Wolff argued in USA TODAY that Burke was to blame for the sorry state of the Peacock Network. But what Wolff and the media elite fail to appreciate is how unimportant NBC’s struggles are compared to the rest of NBCUniversal’s performance (and, ultimately, to Comcast).
To be sure, the network is a train wreck. Not only are its prime-time ratings dismal, but there also are self-inflicted public relations disasters brewing at both Today and The Tonight Show. Its morning star Matt Lauer has turned into a pariah with fans over the poorly executed ouster of his co-host Ann Curry. Relations between NBC and Jay Leno have soured as well.
Analysts are concerned, rightly so, about the capital Comcast has to allocate for NBC content. It’s especially an issue with sports programming, which is costing Comcast and the rest of the media world billions of dollars.
But the NBC headaches are manageable ones for Comcast. NBCUniversal is gigantic company tucked into an even bigger company that includes a host of businesses including theme parks, cable channels and a movie studio. Acquiring the business from General Electric (NYSE:GE) has worked out better than many on Wall Street expected.
Comcast earned $8.15 billion (13%) of its $62.6 billion revenue in 2012 from its Broadcast Television business in 2012. But remember, Comcast’s Broadcast Television business also includes the Spanish-language network Telemundo and its 10 local television stations. Although I don’t know the exact breakdown of the contribution of the different businesses, the Spanish network and TV stations are hardly inconsequential.
It seems reasonable to assume that NBC doesn’t make or break Comcast in any particular quarter. According to published reports, Today earns about $500 million in advertising revenue annually and The Tonight Show takes in about $150 million.
Sure, that revenue is counterbalanced by some huge salary costs. Lauer, who is being vilified for the ouster of Ann Curry, reportedly earns more than $20 million.

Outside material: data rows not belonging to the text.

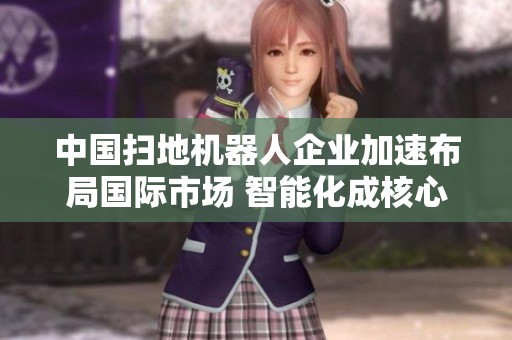中国扫地机器人企业加速布局国际市场 智能化成核心竞争力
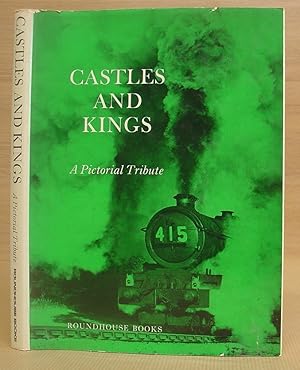 Castles And Kings - A Pictorial Tribute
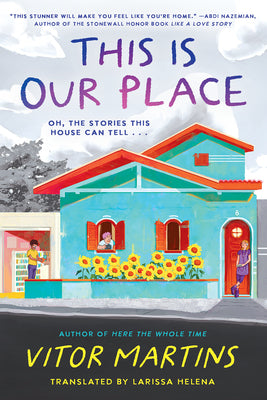 This Is Our Place -- Vitor Martins, Hardcover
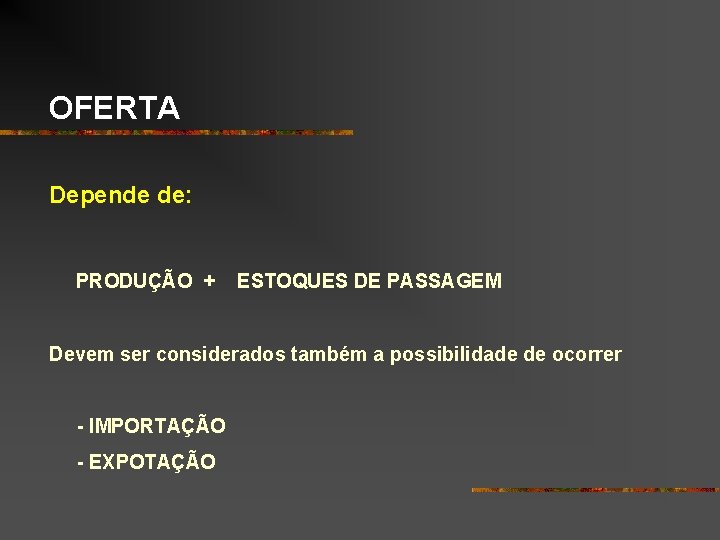 OFERTA Depende de: PRODUÇÃO + ESTOQUES DE PASSAGEM Devem ser considerados também a possibilidade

Leno, who reportedly took a 20% pay cut to minimize layoffs on his show, makes roughly $15 million.
But for Comcast, whose market capitalization tops $111 billion, all of these figures are practically rounding errors.
Roberts, whose father Ralph founded Comcast, probably is pressuring Burke to bring some order to the chaos at NBC. The company’s profit margins might erode if it has to lower its advertising rates because of lower ratings, and he probably doesn’t appreciate the almost daily deluge of negative press that the network has endured for the past few weeks.
But firing Burke over NBC’s mess seems unwarranted … if only because it’s a drop in a pretty large bucket.
Besides, the rest of NBCUniversal seems to be doing just fine.
Telemundo is making inroads in the ratings against its longtime rival Univision. At a time when many cable networks are showing double-digit declines in ratings, MSNBC continues to hold its own. Bravo’s The Real Housewives of Atlanta also recently broke viewership records.
In the movie arm, Universal Studios has topped the box office in the first quarter, grossing more than $300 million, thanks to the popularity of the surprise hit Identity Thief. The new 3D version of Jurassic Park that’s about to be released should do well too.
And, as the economy continues to rebound, NBCUniversal’s theme park business should see an increase in its business along with rivals such as Walt Disney (NYSE:DIS).
Bottom line: While Comcast is surely not pleased with NBC’s lackluster performance, it can afford to wait for things to get better.